She was the victim of a minor crime wave in the early 80s.
Queen Elizabeth had her fair share of adventure in the early 1980s, though she probably would have preferred to skip it! In 1981, as she rode to her Trooping the Colour birthday ceremony, Elizabeth was shot at by teenager Marcus Sarjeant (right). He got off six rounds before being disarmed and wrestled to the ground by a combination of police officers and onlookers. Alas, the show must go on! The ceremony continued comparatively uneventfully, and Sarjeant was charged with treason and sentenced to five years in prison, of which he served three.
If that wasn’t traumatic enough, 1982 saw the queen get even more up close and personal with looney subjects. In the wee hours of the morning on July 9, 1982, HRH woke up to a strange, bleeding man (Michael Fagan, pictured left) sitting on her bed. She tried to call the police, but they didn’t respond. In fact, in breaking into various parts of Buckingham Palace, Fagan had set off numerous alarms, each of which was dismissed as being a false alarm and disabled.

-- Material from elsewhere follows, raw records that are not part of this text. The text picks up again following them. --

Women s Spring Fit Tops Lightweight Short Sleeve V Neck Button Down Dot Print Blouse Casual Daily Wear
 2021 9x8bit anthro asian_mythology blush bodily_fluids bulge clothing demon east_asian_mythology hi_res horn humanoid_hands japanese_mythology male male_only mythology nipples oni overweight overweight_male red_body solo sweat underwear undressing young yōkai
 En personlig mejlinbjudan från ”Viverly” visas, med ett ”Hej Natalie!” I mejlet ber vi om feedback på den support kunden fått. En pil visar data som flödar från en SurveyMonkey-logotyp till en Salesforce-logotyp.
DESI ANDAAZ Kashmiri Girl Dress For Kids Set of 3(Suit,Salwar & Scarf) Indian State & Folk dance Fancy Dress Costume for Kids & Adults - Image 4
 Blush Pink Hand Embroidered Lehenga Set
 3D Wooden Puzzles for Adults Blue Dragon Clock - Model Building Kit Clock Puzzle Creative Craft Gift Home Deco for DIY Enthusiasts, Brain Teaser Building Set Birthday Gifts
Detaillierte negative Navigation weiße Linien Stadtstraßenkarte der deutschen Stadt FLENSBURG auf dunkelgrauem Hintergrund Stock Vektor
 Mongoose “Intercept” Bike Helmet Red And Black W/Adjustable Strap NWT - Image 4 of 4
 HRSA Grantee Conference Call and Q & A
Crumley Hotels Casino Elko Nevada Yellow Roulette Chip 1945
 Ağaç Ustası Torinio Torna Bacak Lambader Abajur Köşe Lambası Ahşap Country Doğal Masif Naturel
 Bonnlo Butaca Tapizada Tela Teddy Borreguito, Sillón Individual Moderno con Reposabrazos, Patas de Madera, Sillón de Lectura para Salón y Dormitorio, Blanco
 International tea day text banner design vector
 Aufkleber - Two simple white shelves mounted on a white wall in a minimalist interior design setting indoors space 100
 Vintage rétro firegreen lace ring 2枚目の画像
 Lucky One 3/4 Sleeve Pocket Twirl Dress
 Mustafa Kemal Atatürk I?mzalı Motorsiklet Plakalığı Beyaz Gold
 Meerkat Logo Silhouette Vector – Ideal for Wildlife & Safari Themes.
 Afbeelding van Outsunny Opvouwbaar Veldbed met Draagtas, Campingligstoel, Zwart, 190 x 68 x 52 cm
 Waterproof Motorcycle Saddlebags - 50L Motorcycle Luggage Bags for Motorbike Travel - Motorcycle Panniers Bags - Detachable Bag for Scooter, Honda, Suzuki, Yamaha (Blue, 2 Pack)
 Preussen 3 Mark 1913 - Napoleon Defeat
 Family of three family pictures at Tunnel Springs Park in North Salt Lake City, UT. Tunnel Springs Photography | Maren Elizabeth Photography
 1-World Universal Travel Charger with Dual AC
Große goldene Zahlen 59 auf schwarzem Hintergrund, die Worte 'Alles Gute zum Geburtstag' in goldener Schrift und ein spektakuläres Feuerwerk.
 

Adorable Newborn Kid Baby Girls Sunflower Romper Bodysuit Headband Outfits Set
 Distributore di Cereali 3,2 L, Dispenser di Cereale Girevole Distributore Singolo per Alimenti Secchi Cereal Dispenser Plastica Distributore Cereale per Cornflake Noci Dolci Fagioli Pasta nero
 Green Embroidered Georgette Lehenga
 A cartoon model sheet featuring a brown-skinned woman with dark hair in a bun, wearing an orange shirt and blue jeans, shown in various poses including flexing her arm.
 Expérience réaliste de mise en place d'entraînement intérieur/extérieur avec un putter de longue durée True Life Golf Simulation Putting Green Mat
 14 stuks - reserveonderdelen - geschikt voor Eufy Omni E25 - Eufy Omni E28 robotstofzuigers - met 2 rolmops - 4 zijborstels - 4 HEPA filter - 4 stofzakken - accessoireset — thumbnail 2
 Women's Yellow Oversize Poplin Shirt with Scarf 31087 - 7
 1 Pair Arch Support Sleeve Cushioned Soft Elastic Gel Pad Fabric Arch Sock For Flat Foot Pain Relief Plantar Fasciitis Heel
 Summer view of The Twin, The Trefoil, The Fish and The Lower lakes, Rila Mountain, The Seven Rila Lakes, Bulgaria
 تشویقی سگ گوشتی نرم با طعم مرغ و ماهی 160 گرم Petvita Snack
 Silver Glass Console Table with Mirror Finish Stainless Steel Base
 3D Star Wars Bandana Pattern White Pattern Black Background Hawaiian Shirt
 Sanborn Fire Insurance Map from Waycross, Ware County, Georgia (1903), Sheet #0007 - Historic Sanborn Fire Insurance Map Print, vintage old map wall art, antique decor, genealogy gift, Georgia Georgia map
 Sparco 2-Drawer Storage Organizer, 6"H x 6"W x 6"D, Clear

Eventually a chambermaid showed up and found a footman to help and subdue Fagan, who served a mere six months in a psychiatric facility for his offense. Let’s hope they beefed up security after that.
So many rules! So many regulations! Being a reigning sovereign obviously comes with its share of headaches, but there are a few perks, too. For one, the queen is the only British citizen who can drive without a license. She’s not required to take a driving test or register her car, either. You may be thinking, “Well, that’s fine.” Surely she has a passport for the rare occasion when she’d need to prove her identity — is there such an occasion? Who in the developed world doesn’t recognize the freaking Queen of England? You’d be wrong. She doesn’t have a passport either; since British passports are issued in her name, she’s not required to carry one. The other royals don’t get these perks, though, so don’t be too jealous.
She’s a veteran mechanic.
Speaking of driving, Elizabeth learned in 1945 when she joined the women’s branch of the British army, the Auxiliary Territorial Service. Second Subaltern Elizabeth Windsor trained in London to be an army mechanic and truck driver. Besides the honor of serving one’s country in its time of need, Queen Elizabeth’s army career earned her two other honors: She is the only female royal to have served in the armed forces, and she is the only surviving head of state to have served in WWII. Here she is doing mechanic work in 1944. Go Liz!
She’s a photography buff.
The queen fancies herself a photographer, and she often is seen with her face to the viewfinder, capturing photos of her family. Who knew? Here, she’s seen taking a photo at the Royal Windsor Horse Show in 1982.
She has allll the birthdays.
OK, not that many — just two. Still, that’s twice as many as the rest of us mere, non-reigning mortals. Though actually born on April 21, 1926, Queen Elizabeth also celebrates an official birthday in June. Why does she have two born days? Well, whiny King George II didn’t want to hold a birthday parade during the cold British winter (he was born in November), so he combined his birthday with the annual spring military parade, Trooping the Colour, in 1748. Here she is as an infant with the late Queen Mother.